College Student Opens up About Surviving Two Mass Shootings

Brown University junior and Saugus High survivor Mia Tretta recalls enduring two mass shootings, renewed trauma, campus lockdowns, and the lasting impact of gun violence on students. Pixabay, SimaGhaffarzadeh

A Brown University student who once survived a school shooting in California has spoken about living through another attack, saying she never believed it could happen twice.

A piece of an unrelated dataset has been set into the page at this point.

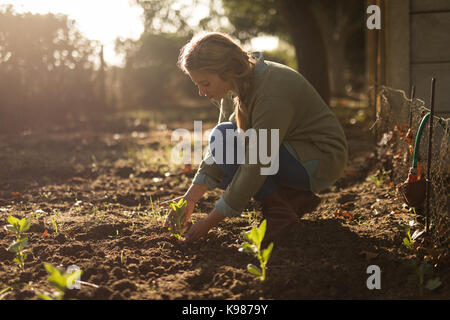 Side view of young woman planting saplings at farm Stock Photo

Junior Mia Tretta, 21, was on campus in Providence on Saturday when a gunman opened fire during final exams, killing two people and injuring nine others at the university's engineering building. Police later detained a person of interest, and the campus remained on edge as officers continued to patrol the area.​

Brown University Student Survives Second Mass Shooting

Tretta was in her dorm room studying with a friend when the first alert arrived, warning of an emergency at the engineering complex. At first, she thought something serious had happened, but did not immediately assume it was a shooting, according to the BBC.

As more messages urged students to lock doors, stay away from windows, and shelter in place, she realised the language was the same as the alerts she received during a previous attack, and she stayed inside, checking on friends by text.​

Six years earlier, Tretta had been shot in the abdomen when a 16-year-old opened fire at Saugus High School in Santa Clarita, California, in 2019. Two students were killed in that attack, including her best friend, and several others were wounded. Tretta spent days in the hospital, underwent surgery, and still carries bullet fragments, later becoming involved in advocacy on gun violence and "ghost guns," the type of weapon used at her high school.​

Opening Up About Her Experiences

Speaking after the Brown shooting, she said no one should have to live through one mass shooting, let alone two, and described feeling disbelief that it was happening again, Boston reported. She explained that she chose Brown because it felt like a place where she could finally feel safe and try to live a more normal life as a survivor, but now fears and memories from her teenage years have resurfaced.

Tretta has leaned on relatives, fellow survivors, and campus counseling services in the days since the attack, saying the incident has again changed how she moves through classrooms and public spaces.​

Tretta has been studying international and public affairs and education, and has been working on a paper about the educational paths of students who have lived through school shootings. That assignment was due days after the Brown attack, which again disrupted her campus and her routine.

She is one of several Brown students who have previously experienced school shootings, including sophomore Zoe Weissman, who lived through the Parkland, Florida, tragedy as a middle schooler, illustrating how one generation is now carrying the impact of multiple mass shootings through high school and college, as per Yahoo News.